Has your immigration case been refused based on Misrepresentation?
Have you received a procedural fairness letter?
At Fateh Law Corporation we can help.
Contact us to book an initial consultation directly with our Lawyer to discuss your case confidentially.
- What is Misrepresentation?
Section 40 of the Immigration and Refugee Protection Act provides that a permanent resident or foreign national is inadmissible to Canada for directly or indirectly misrepresenting or withholding material facts relating to a relevant matter that induces or could induce an error in the administration of Canada’s immigration laws.
The Immigration and Refugee Protection Act increased the bar for misrepresentation inadmissibility from 2 to 5 years !
Some examples of misrepresentations are:
Fail to declare that you have been refused a visa for another country
Provide a document that is found to be non-genuine
Fail to mention a family member
Declare employment experience which you do not have
Obtain permanent residence by having engaged in a non-genuine marriage
In conclusion, “Misrepresentation” is a very harsh and cruel punishment. Immigration applicants should ensure that every application and supporting document is accurate, correct, and current. While mistakes do happen, there is wide gap between providing false information and making innocent mistakes.
Frequently Asked Questions
- What should I do after receiving a Procedural Fairness Letter?
We highly recommend that you should get the professional help of a Law Firm. This is the only opportunity you will get before a misrepresentation ban is imposed. Your response must provide a detailed explanation along with all supporting documents.

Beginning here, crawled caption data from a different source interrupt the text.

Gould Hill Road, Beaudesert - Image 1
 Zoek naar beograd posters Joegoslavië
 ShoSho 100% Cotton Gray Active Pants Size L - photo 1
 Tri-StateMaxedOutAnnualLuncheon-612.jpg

In our experience, most individuals contact us when it is too late. We highly recommend that you urgently contact us before sending in your response. Most Procedural Fairness Letters only offer 15 or 30 days for a response, we recommend seek professional help from a Law Firm immediately.
- Can you challenge a misrepresentation ban in Court?
Yes, all decisions of IRCC can be challenged in the Federal Court of Canada. The process in the Federal Court is called a Judicial Review. That means the Federal Court will only review the decision and no new evidence can be introduced that was not before the Visa Officer.
- When should you challenge a misrepresentation ban in Court?
Generally, misrepresentation bans are very difficult to overcome. We only advise our Clients to approach the Federal Court of Canada when no other alternative is available and when there is clear evidence that the misrepresentation was either innocent or if IRCC made a mistake and wrongly gave a misrepresentation ban.
- What is the time limit for approaching Federal Court?
If you believe that the misrepresentation ban was wrongly or unreasonably imposed, you have the option to challenge the IRCC ban within 15 days (inside Canada) and within 60 days (outside Canada) of receiving the refusal letter.